Bridges in a recent interview with DIVA magazine said she “does not have any advantage” over her competitors and can prove it with data.
British Cycling’s transgender regulations — which have now been suspended pending a review — did require riders to have had testosterone levels below five nanomoles per litre for a 12-month period prior to competition. Bridges satisfied this requirement.
But as The Weekend Australian understands, some sporting bodies are considering the abolition of testosterone levels in the elite categories and narrowing down qualification to just the gender competitors were born with.
Coe says, in his sport, he will always try to find a “navigable” route.
“I want to be sensitive about this, it’s always been a guiding principle for me to find a navigable route, if at all possible, through an issue,” he said.
“And let me give you a parallel example. We chose in being tough with Russia and in suspending the federation and suspending their athletes, we then settled upon a construct which allowed us to separate the clean athletes from the tainted system. We created the authorised neutral athletes.
“I don‘t naturally come into the sport lightly undertaking decisions to suspend or ban athletes from competition. I will always try to find a navigable route through. And I think the maintenance of lower levels of testosterone … (is) one of those navigable routes through. But the immutable principle is the integrity of female sport. And if when push comes to shove, if there is a conflict between fairness and inclusion, we will always fall down on the side of things (of fairness).”

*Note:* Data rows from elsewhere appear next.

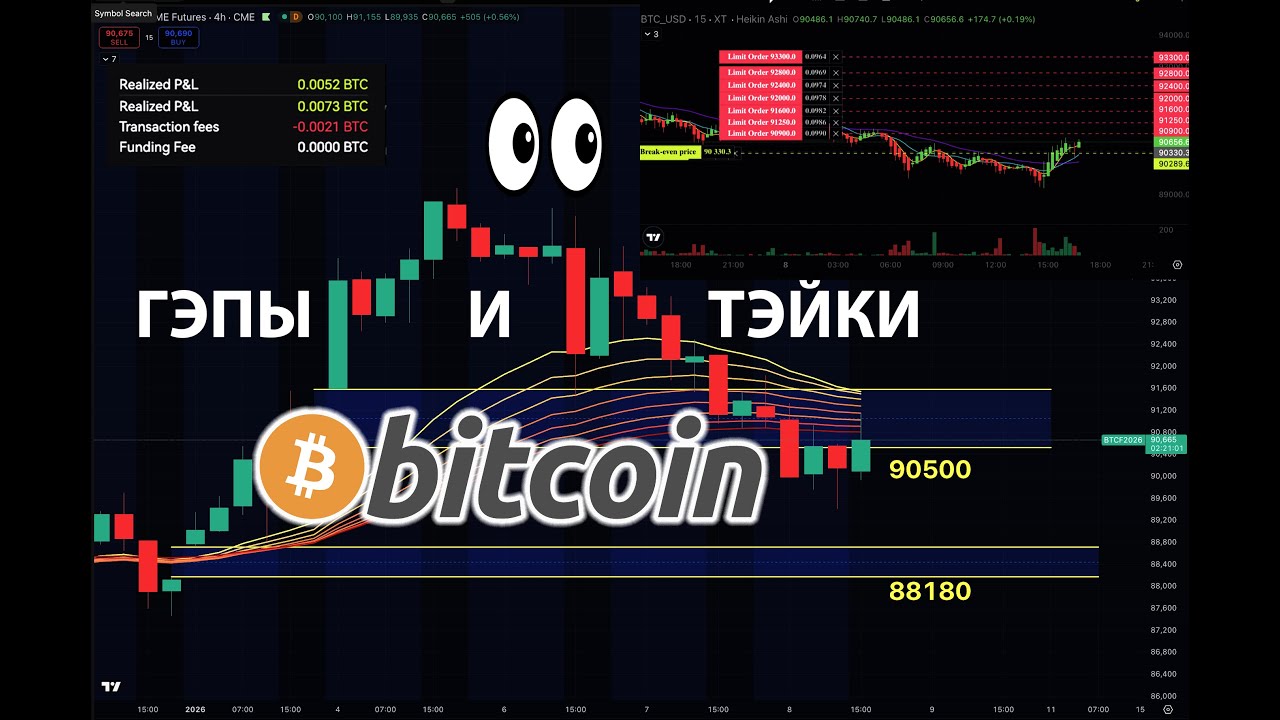 БИТКОИН ЗАКРЫЛ ПЕРВЫЙ ГЭП 🔴 ЧТО ДАЛЬШЕ? РЕАЛЬНЫЙ ТРЕЙДИНГ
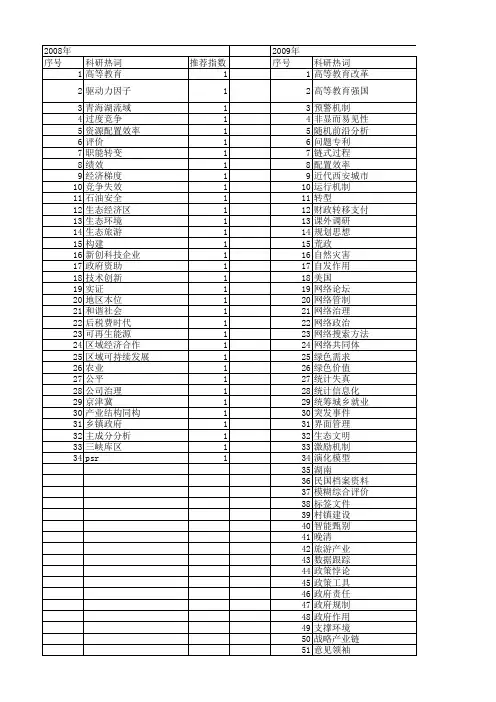 【国家社会科学基金】_政府科技资助_基金支持热词逐年推荐_【万方软件创新助手】_20140803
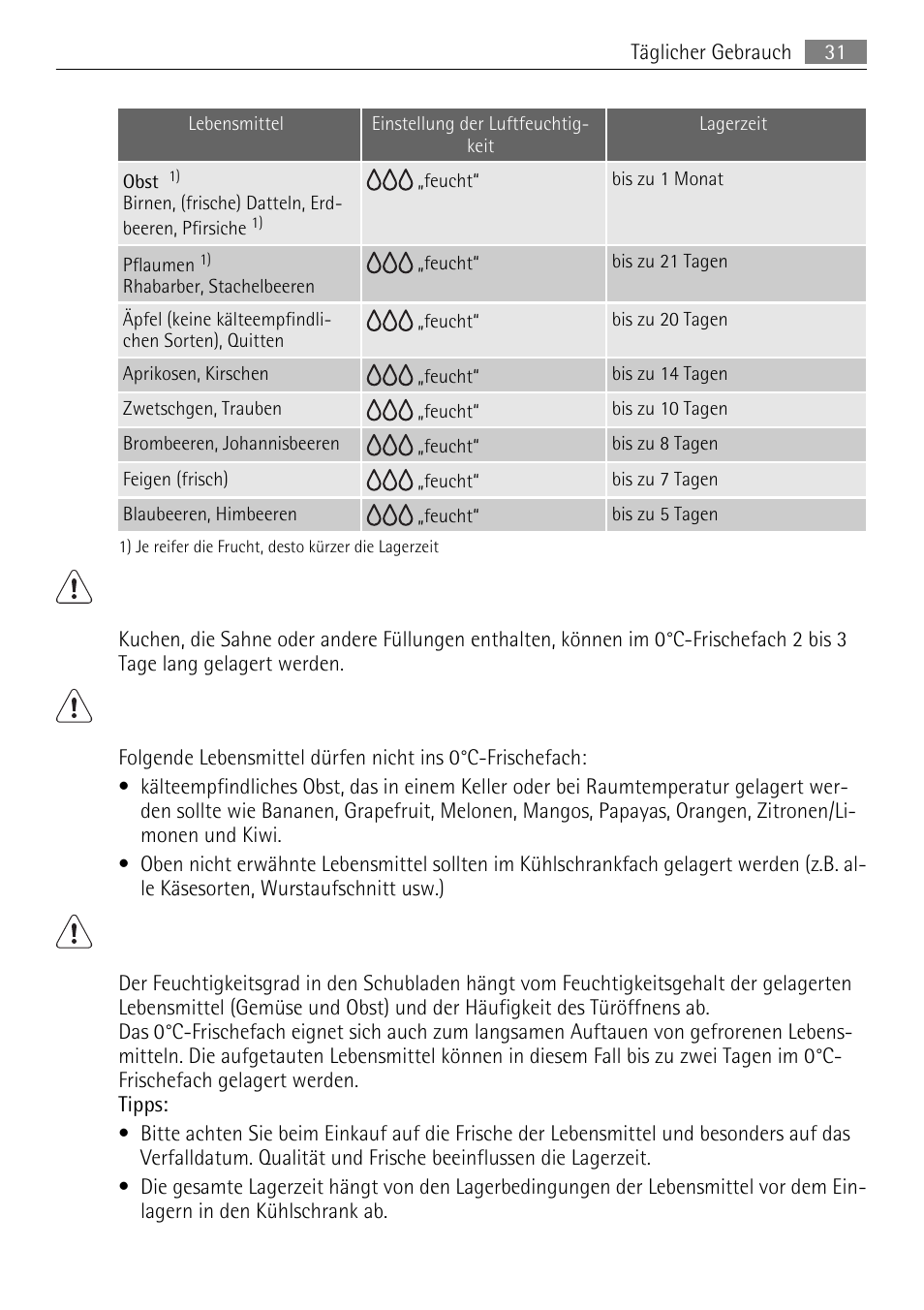 AEG SKS71840S0 User Manual | Page 31 / 80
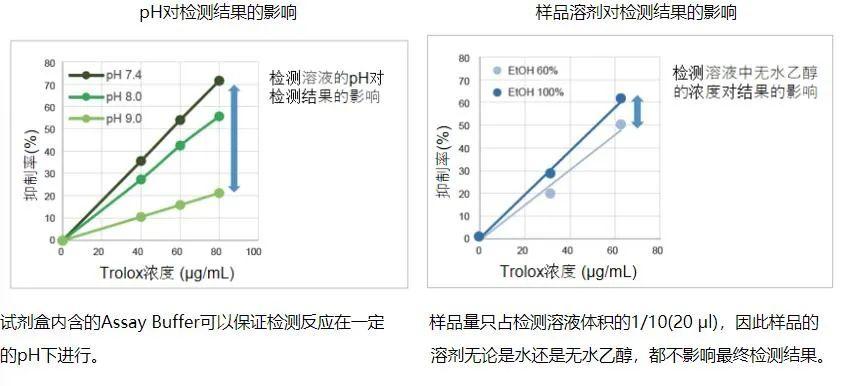 Dpph Box 抗氧化能力检测试剂盒 (DPPH法 ) - 知乎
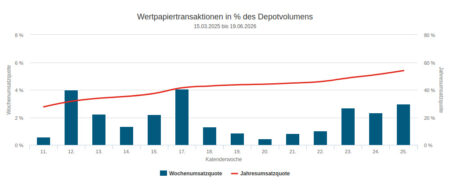 49864-umsaetze-und-quoten-450x185.jpg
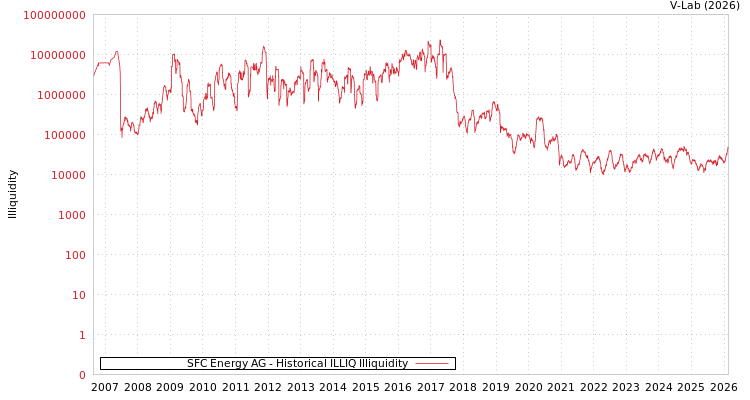 graph of SFC Energy AG ILLIQ-HIST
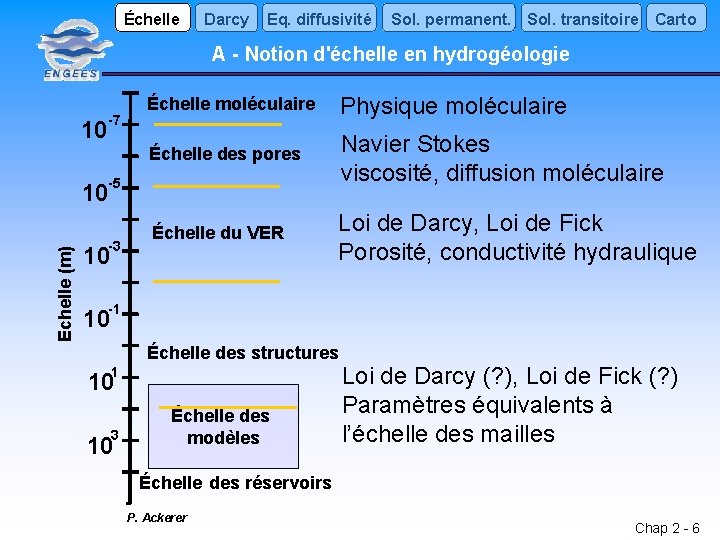 Échelle Darcy Eq. diffusivité Sol. permanent. Sol. transitoire Carto A - Notion d'échelle en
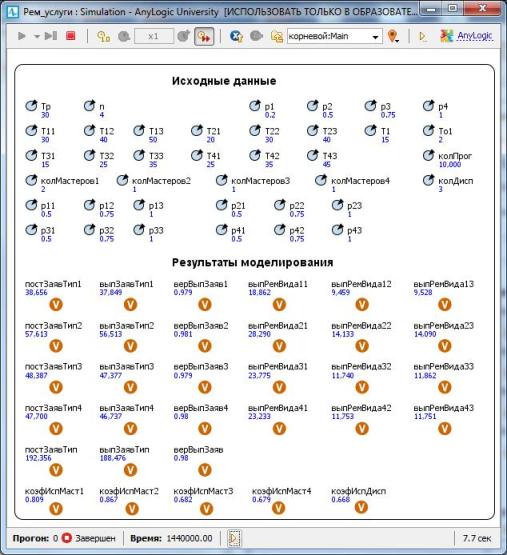 Результаты моделирования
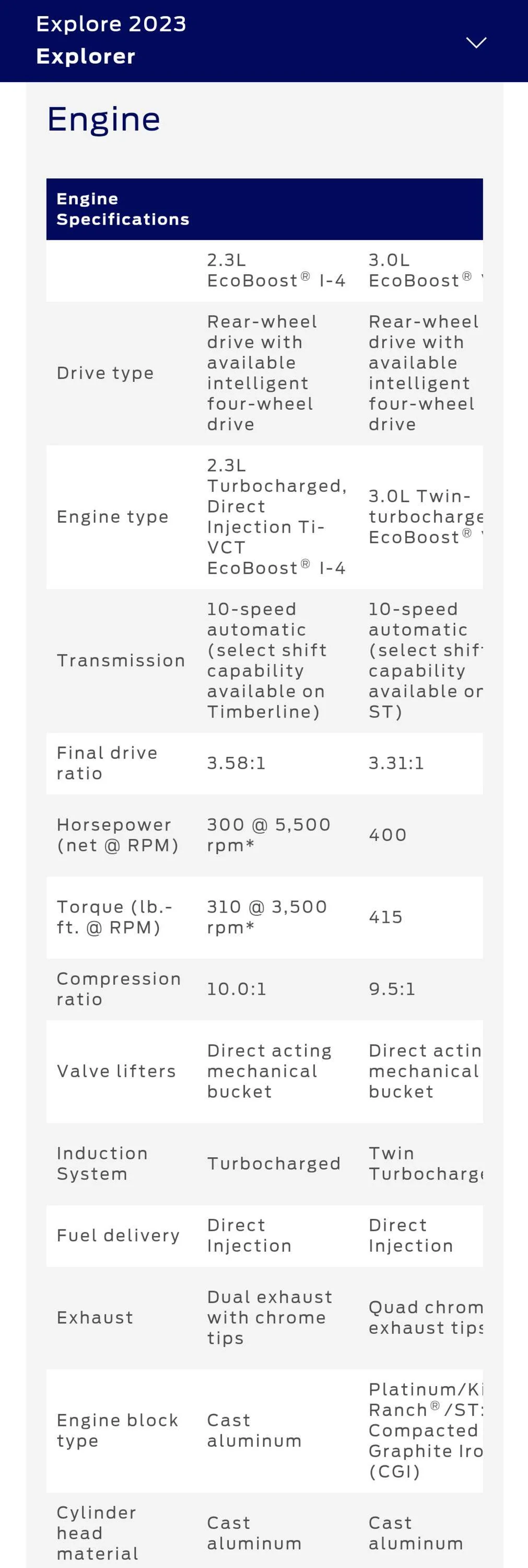 Ford Ranger Other Twin-Turbocharged 3.0L V6 EcoBoost Engines Screenshot_20230601-070206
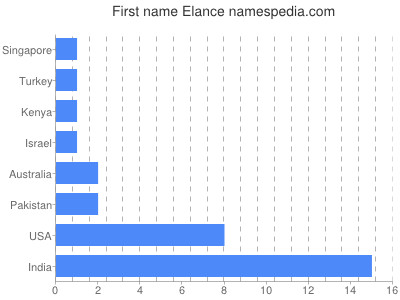 Vornamen Elance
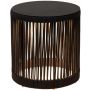Lucide PINGI 06822/37/30 lampka stołowa 1x3w/led 125lm 2800-3200k ip44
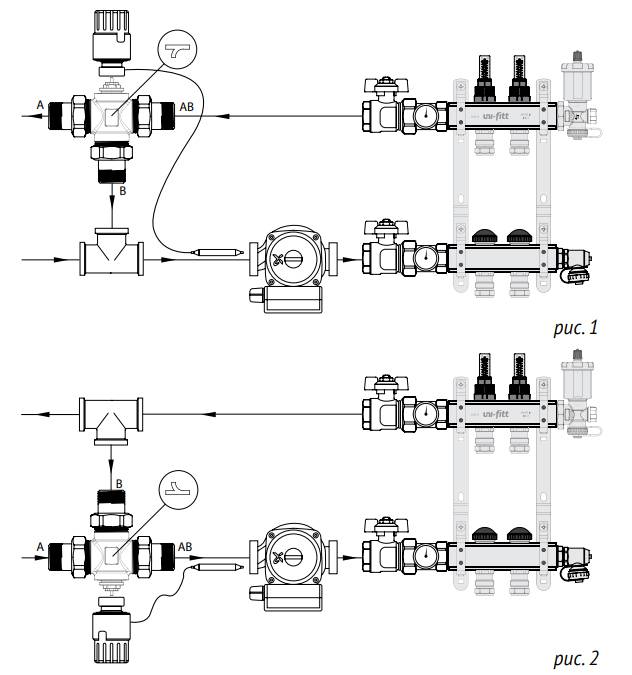 Трехходовой клапан на системе отопления - описание и подключение
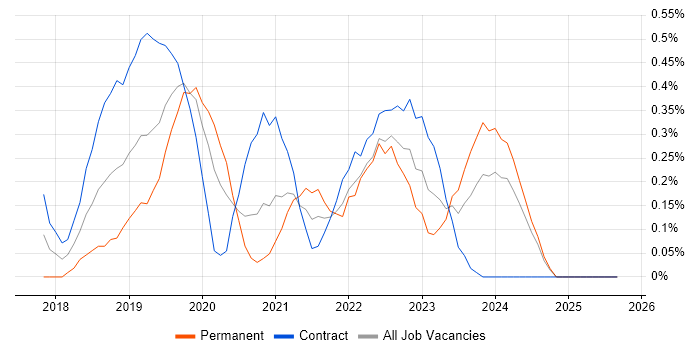 Azure DevOps Engineer job vacancy trend in Milton Keynes Azure DevOps Engineer job vacancy trend in Milton Keynes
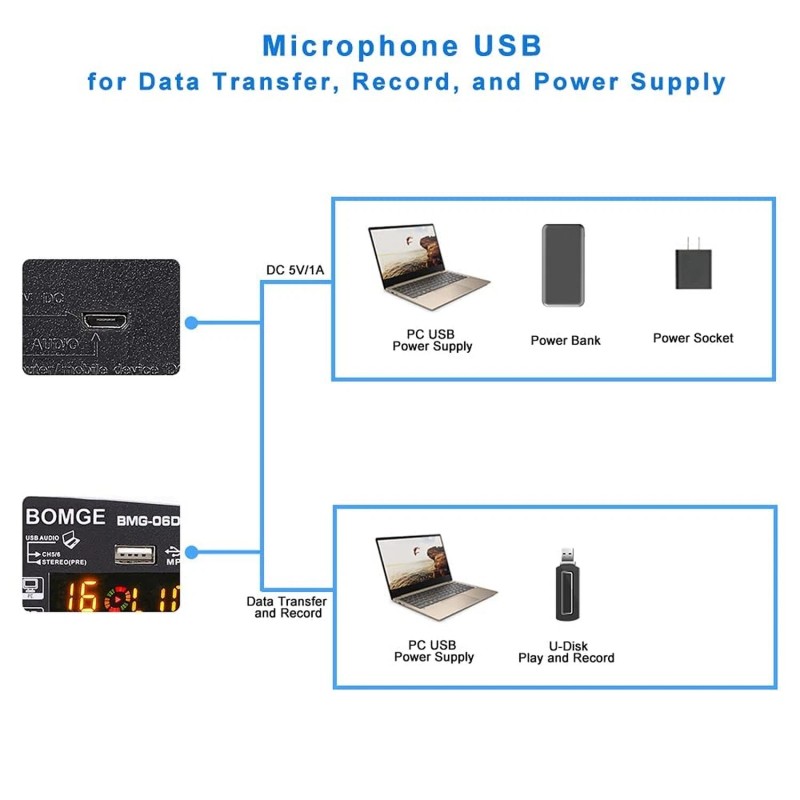 BOMGE 6 Channel Audio Sound Mixer - Professional Digital DJ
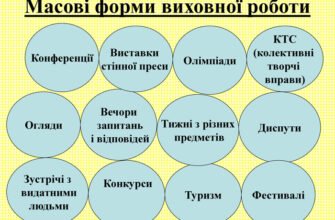 Цікаві форми виховної роботи: інноваційні підходи для освітян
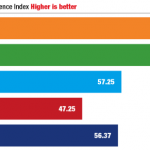 iOS 7 arriva primo nella classifica della user experience dei sistemi operativi mobile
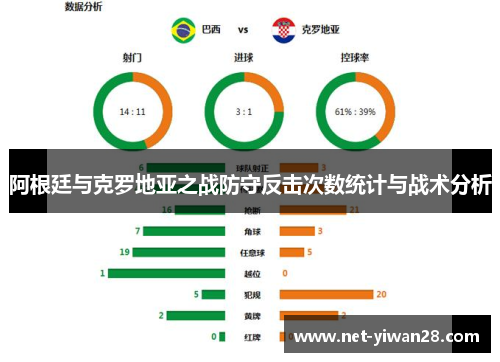 阿根廷与克罗地亚之战防守反击次数统计与战术分析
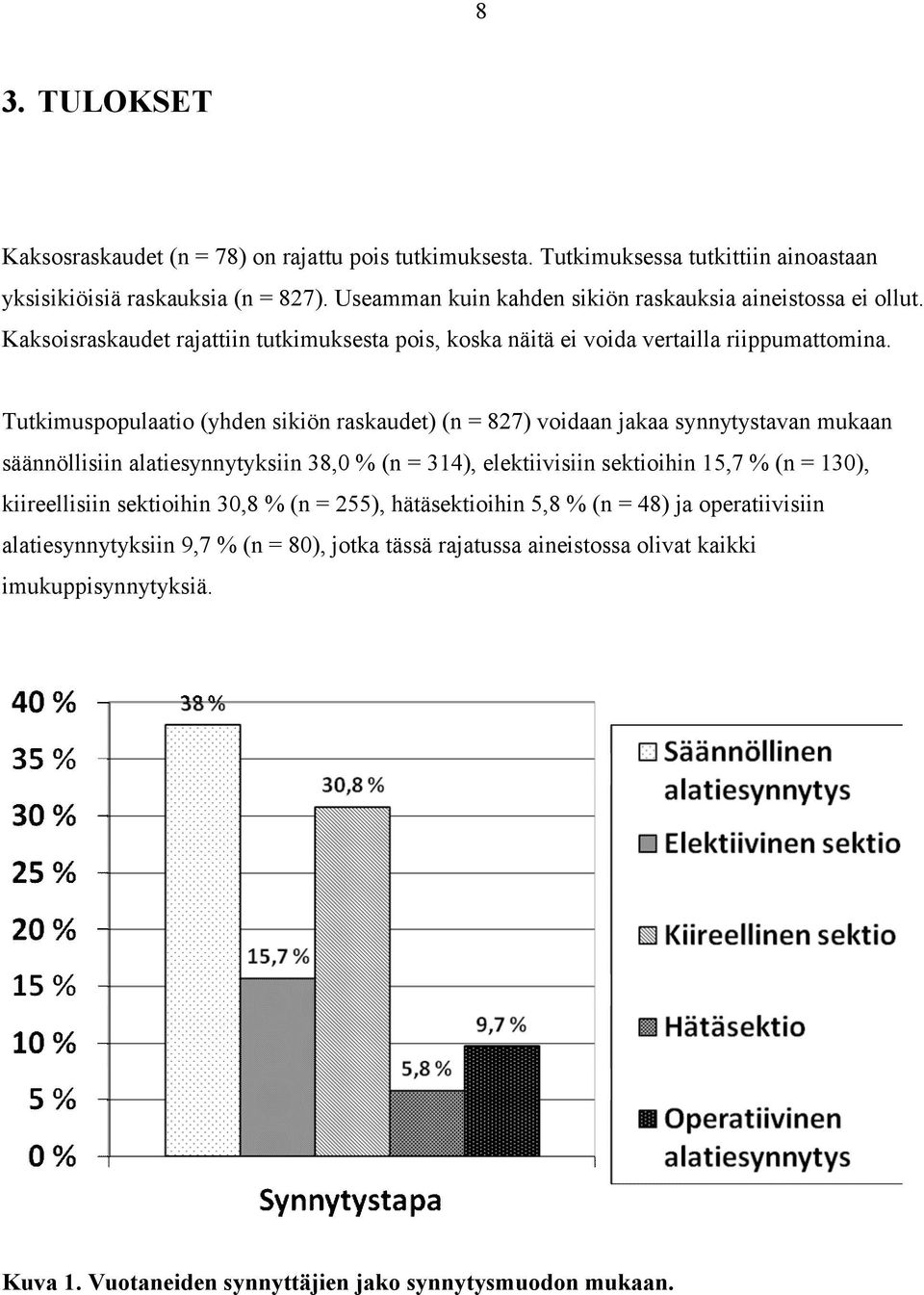 Tutkimuspopulaatio (yhden sikiön raskaudet) (n = 827) voidaan jakaa synnytystavan mukaan säännöllisiin alatiesynnytyksiin 38,0 % (n = 314), elektiivisiin sektioihin 15,7 % (n = 130),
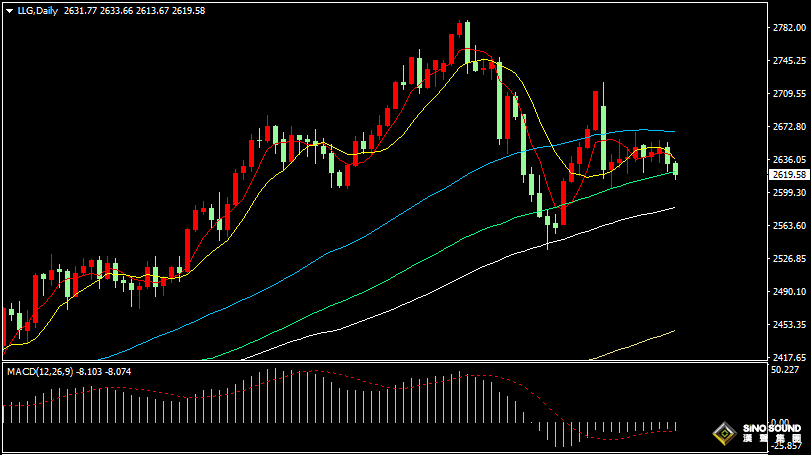 漢聲張新才:[12月6日早評]非農數據即將出臺，美元回升金價急跌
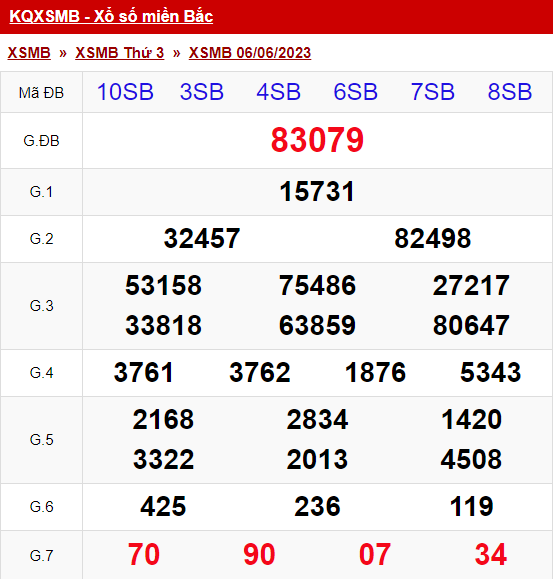 Thống Kê Xsmb 07/06/2023 Thứ 4 - Thống Kê Xổ Số Miền Bắc 30 Ngày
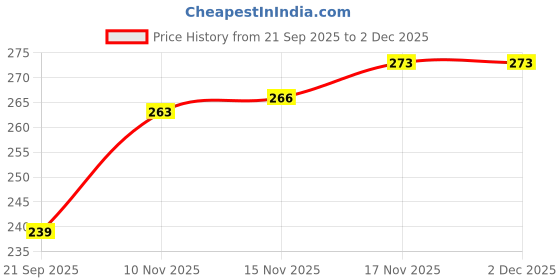 myntra.com TIGER SNAKE Men Comfort Abstract Printed Casual Shirt tiger snake Price History Graph from 21 Sep 2025 to 2 Dec 2025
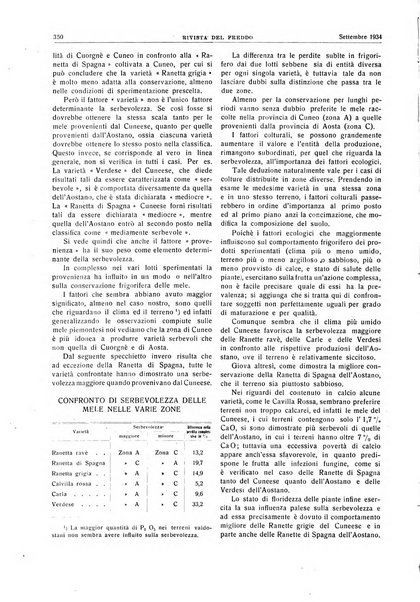 Rivista del freddo periodico mensile illustrato tecnico, scientifico, economico, commerciale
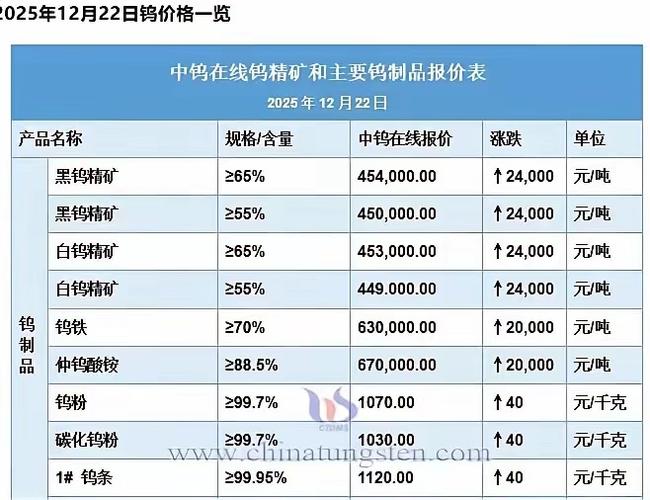 钨钢回收一公斤多少钱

Coe said the world of elite sport, where rules must be placed on trans women athletes, contrasted fiercely with the general population.
“I ate at a restaurant last night, and if the person that served my food last night was a male and in six months time as a female, it makes not a jot a difference to me. I’m socially liberal. I really don’t care,” Coe said.
“But in sport it’s different. It is. It fundamentally alters the performance. If I’ve got a colleague here who transitions, it makes not a jot of difference to me. They maintain their job. Whatever gender, you know, that they decide to assign to, but it’s not the same in sport and I think that, we need to recognise that there is a unique difference in sport.
“Testosterone is the key determinant. And if you are, you know, once a boy passes through puberty … look, my daughters were routinely at the age of 11 or 12 kicking butt big time against boys in sprinting and in whatever they were choosing to do.
“Puberty does mean that that gap opens and that is the difference between male and female competition. And we have to recognise that, that’s why gender cannot trump biology.”